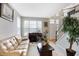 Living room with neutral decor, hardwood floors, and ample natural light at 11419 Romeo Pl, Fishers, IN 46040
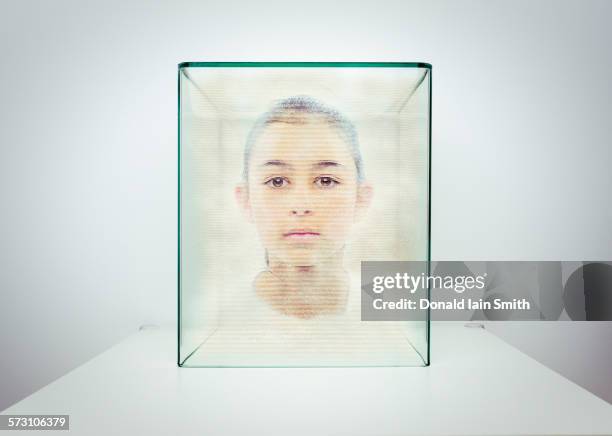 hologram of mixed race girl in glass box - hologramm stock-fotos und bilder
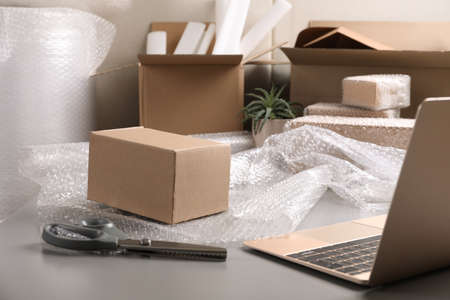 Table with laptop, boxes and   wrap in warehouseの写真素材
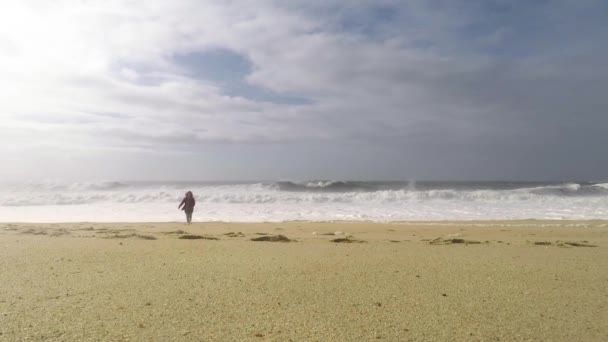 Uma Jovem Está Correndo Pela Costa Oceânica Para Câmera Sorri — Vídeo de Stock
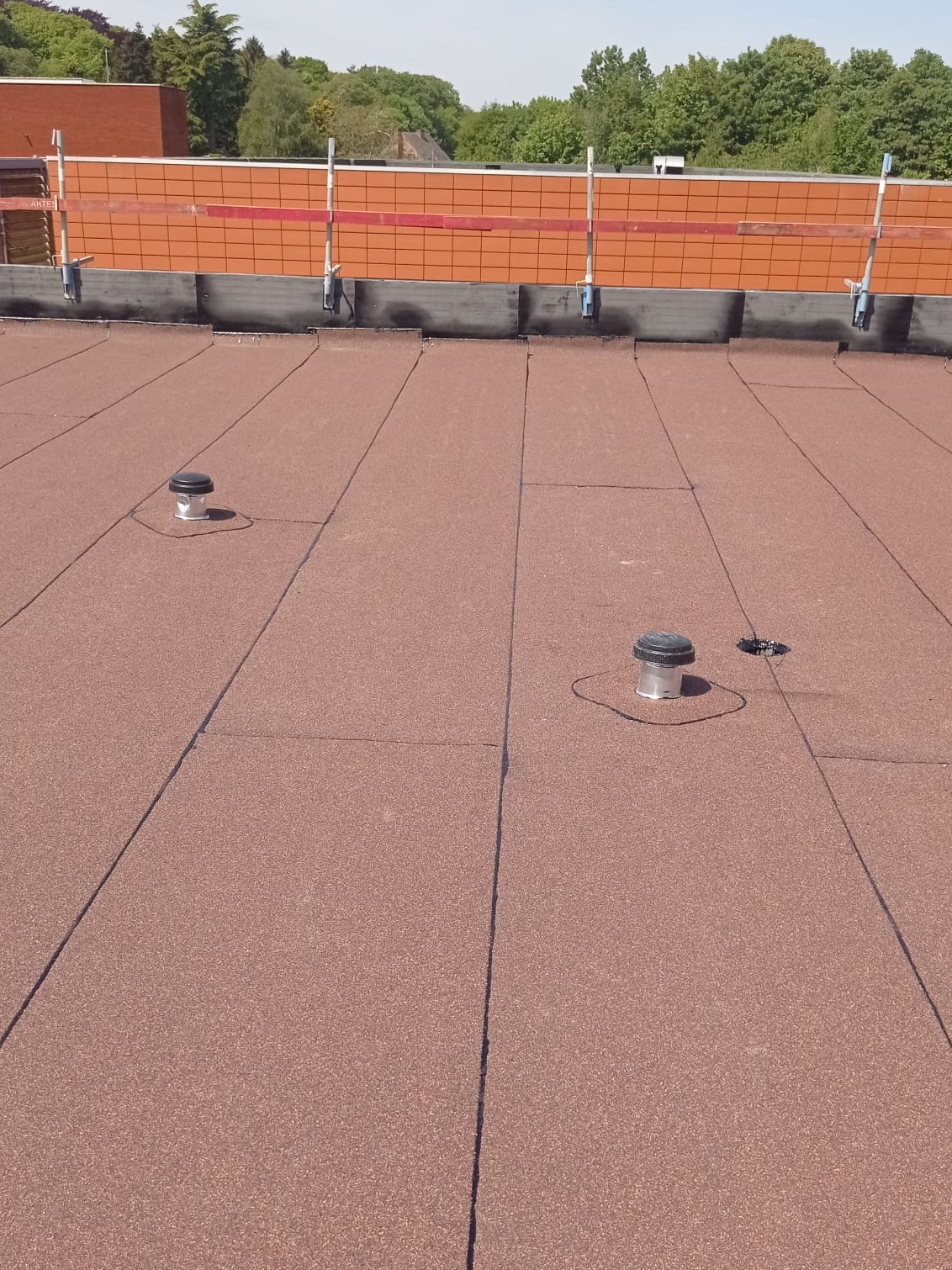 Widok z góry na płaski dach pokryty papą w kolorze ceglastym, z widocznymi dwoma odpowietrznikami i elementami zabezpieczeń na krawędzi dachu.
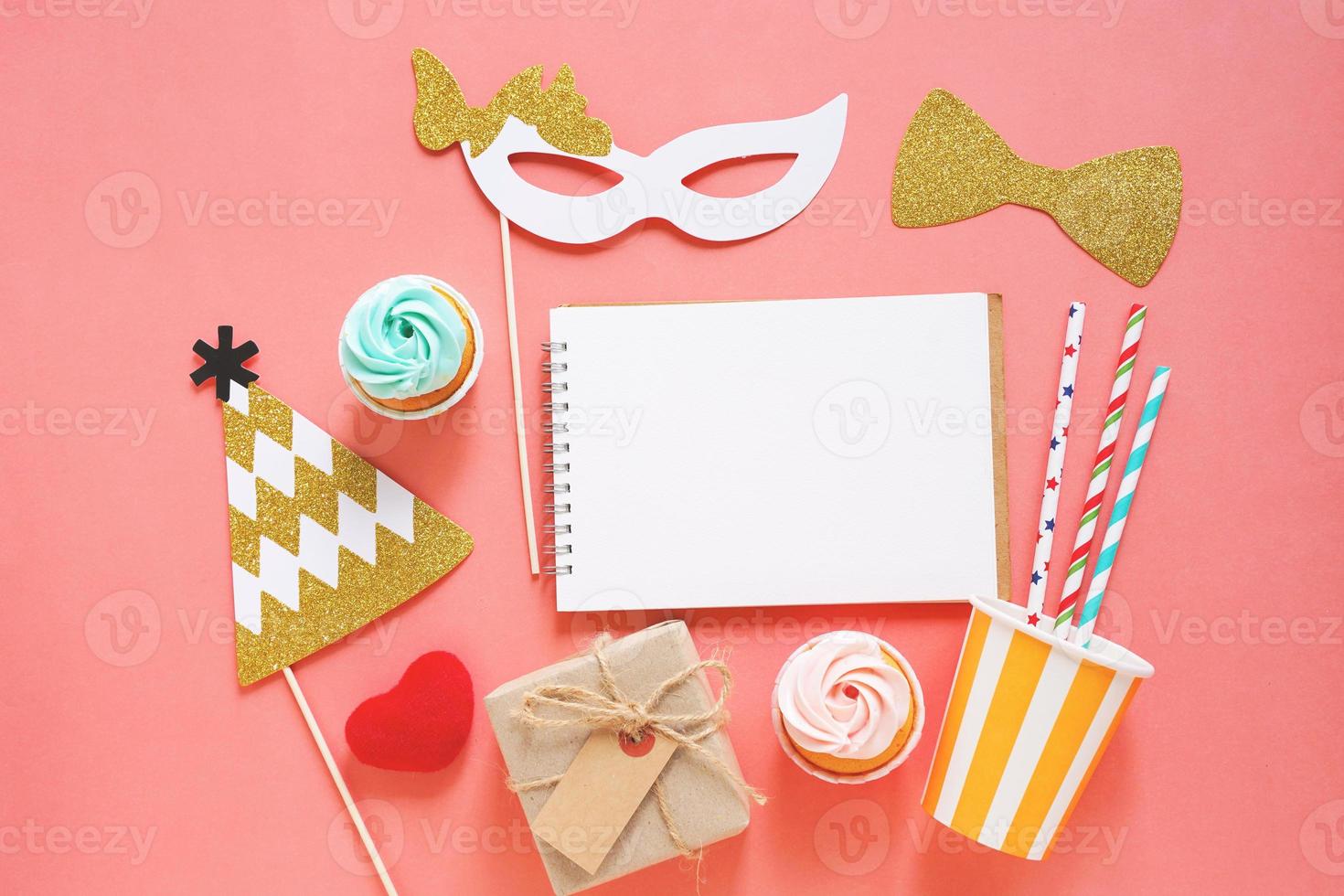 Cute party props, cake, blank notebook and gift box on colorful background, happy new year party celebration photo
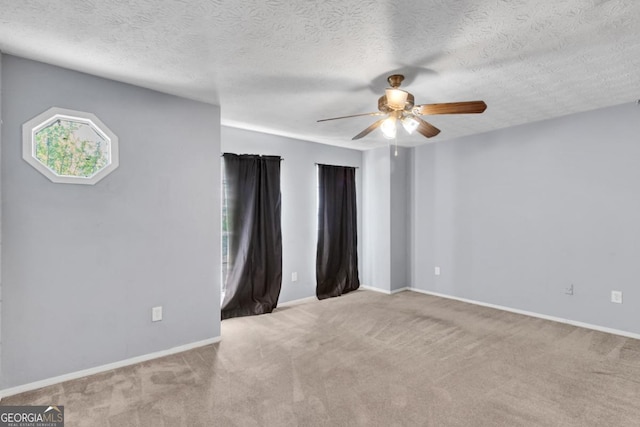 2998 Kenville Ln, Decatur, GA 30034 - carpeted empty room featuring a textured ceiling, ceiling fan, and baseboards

» **Problem requirements**
Would you write out all of the data exactly as it stands, without the pictures?

» **Response area**
 Living room with neutral decor, hardwood floors, and ample natural light at 11419 Romeo Pl, Fishers, IN 46040
 hologram of mixed race girl in glass box - hologramm stock-fotos und bilder
 Table with laptop, boxes and   wrap in warehouseの写真素材
 Uma Jovem Está Correndo Pela Costa Oceânica Para Câmera Sorri — Vídeo de Stock
 Widok z góry na płaski dach pokryty papą w kolorze ceglastym, z widocznymi dwoma odpowietrznikami i elementami zabezpieczeń na krawędzi dachu.
 Cute party props, cake, blank notebook and gift box on colorful background, happy new year party celebration photo
 2998 Kenville Ln, Decatur, GA 30034 - carpeted empty room featuring a textured ceiling, ceiling fan, and baseboards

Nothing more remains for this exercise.